I’m supposed to be giving a speech in front of high school students this week. Not just any high school --this is an elite all-girls Catholic school.

My insecurities tell me they’ll all be prematurely-jaded teens determined not to be impressed by what an old fogie has to say. They might even say, “okay, boomer,” and I’ll be forced to protest that I’m not a Baby Boomer. Really!

I was invited via my niece, and she tells me her class wants to hear about equality, and what I’ve done or what they can do about promoting equality. That got me to thinking about how to package the complicated concept of equality in a 30-minute presentation.

How does one discuss the concept of equality? When even now, governments, world leaders, and judiciaries can’t seem to get it right?

I’ll probably start by introducing the concept of “equal opportunity.” In my own context, when I entertain applicants for a job, I let everyone apply and judge all of them using the same standards (regardless of how cute the picture is). Gender, school, background, or age doesn’t matter. All I want to look at are the qualifications.

I’m not a quota-driven fan myself, even though I hear and recognize the arguments behind it. I don’t want an exactly half male and half female staff or have 10% LGBTQ/90% heterosexual applicants.

That would be a good segue into discussing how some western governments push to drive up female members in the board of directors of publicly-listed corporations. How female representation in the board is (even in this country) being used to judge companies on their corporate governance efforts.

I wonder how these students will take that discussion point. If I say I’m against such a policy because I feel this may result in giving a less-qualified female a board seat as against a more-qualified male, would I have prematurely shaped their opinion, and made them form a bias (my gosh, the responsibility attached to this half-hour talk).

That same position defines how I view race or ethnicity quotas (but I don’t want to get hate mail because of this column, so I will quickly move on to the next topic).

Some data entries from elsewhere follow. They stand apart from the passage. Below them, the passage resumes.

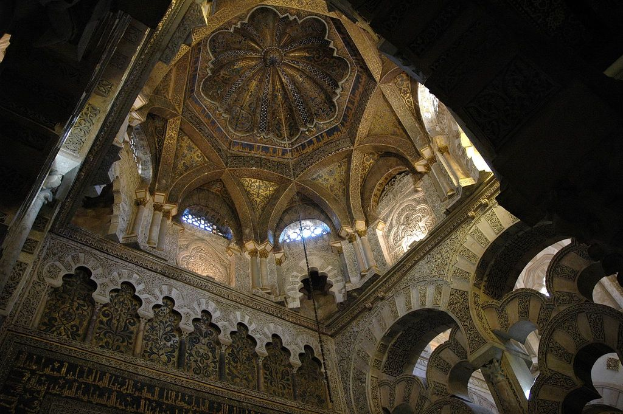 Ein Geb├Ąude mit sichtbarer Kunst an den Innenw├Ąnden und einem Dach ├╝berall.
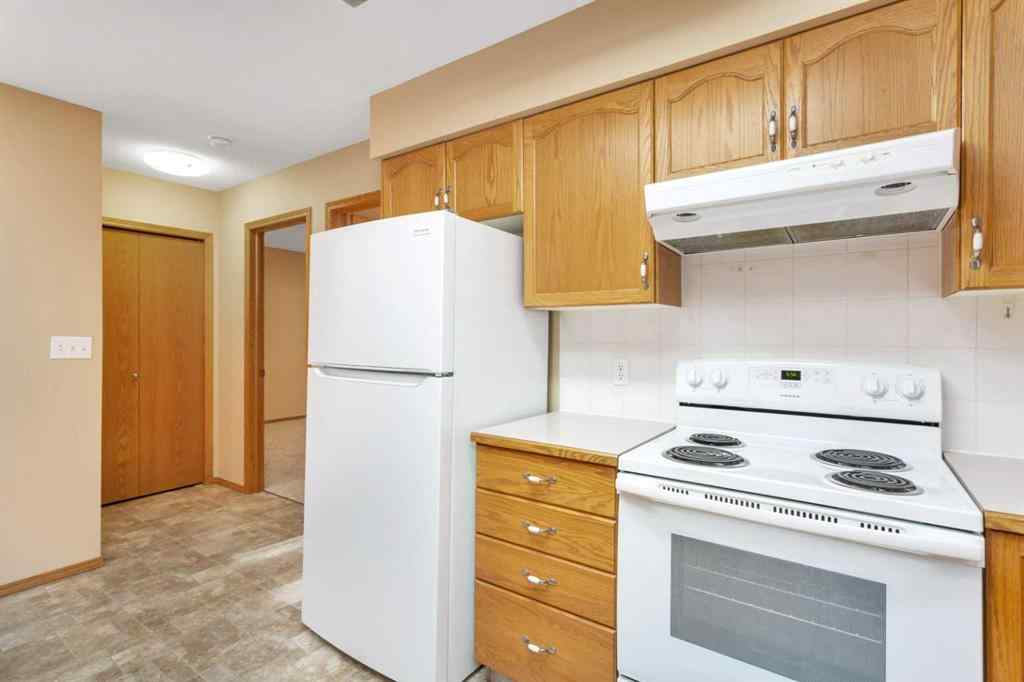 MLS® A2251469 - 42 Dale Close  in Deer Park Estates Red Deer, Residential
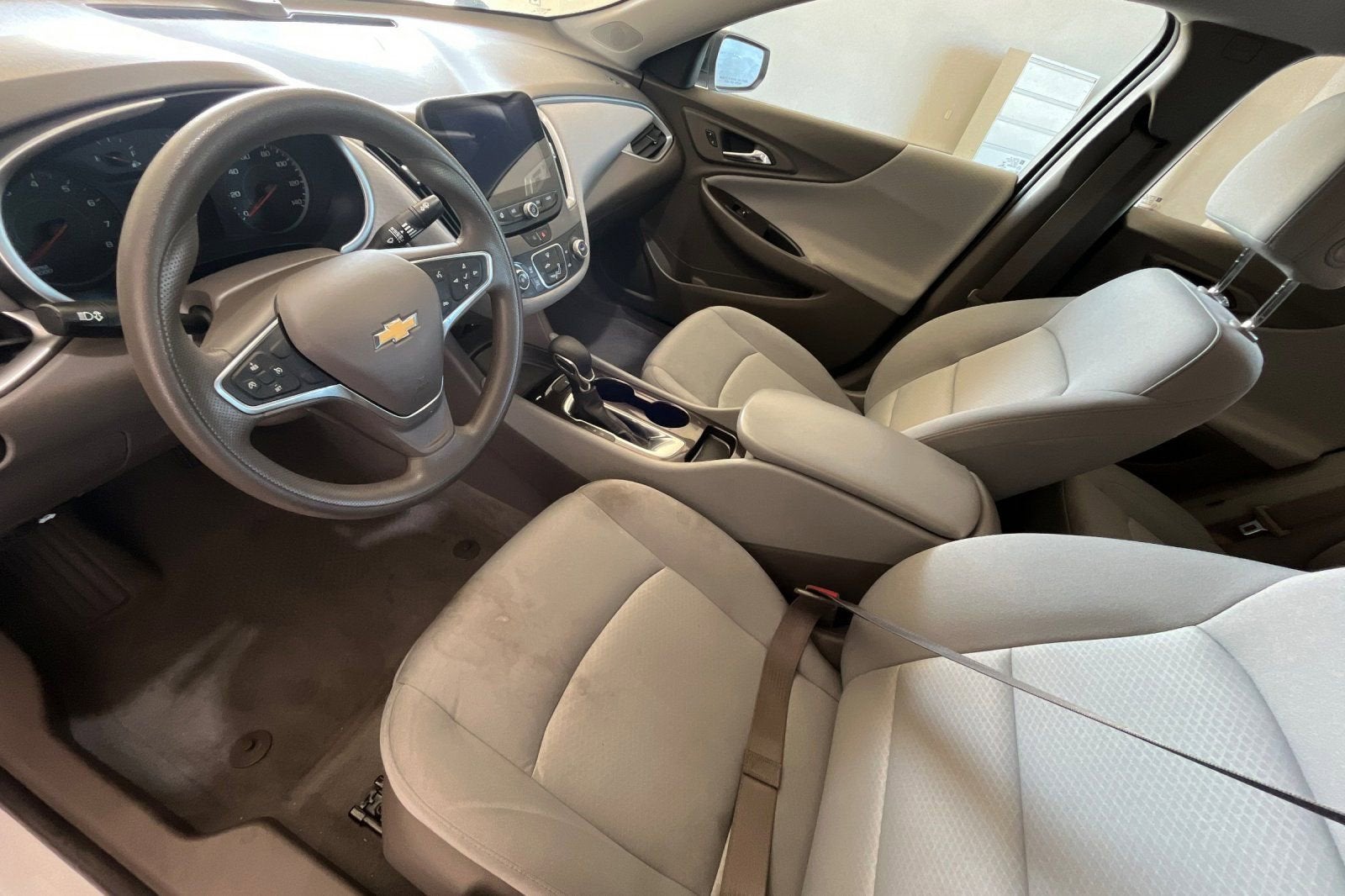 2022 Chevrolet Malibu LS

I was thinking of showing demographics among lawyers in the company. How there are much more females compared to men. Even Law students entering, graduating, or landing in the top ten of their class in today’s universities seem to be steadily dominated by females. I might end up inspiring young females to be feisty advocates (I’m very proud of former female students from the University of San Carlos, like Atty. Cathy Alvarez, who have become fearless human rights lawyers).

Of course, gay lawyers now seem to be more visible in the profession, when there were hardly any around when I was in Law school. We did spread nasty gossip about professors’ preferences then, but we were immature, over-stressed jerks then. Today, there are gay partners in the top law firms. Oh, what a comforting message that would’ve been for gay students, to have seen successful lawyers blazing the trail before them (I wonder if the nuns in the school will let me talk about LGBTQ+ rights. Security might descend upon me if I suddenly utter the “L” word).

That would be a good transition to the Diversity and Inclusion efforts that I’ve seen being pushed by many corporations and institutions in the country. The embassies were active during Pride month, as well as international financial institutions. Even in our organization, we spearheaded a year-long messaging campaign centered around how merit was more important than racial, ethnic, religious, provincial, sexual, or societal identities. In the end, that campaign won an award.

That’s my bare bones outline for the speech. Wish me luck.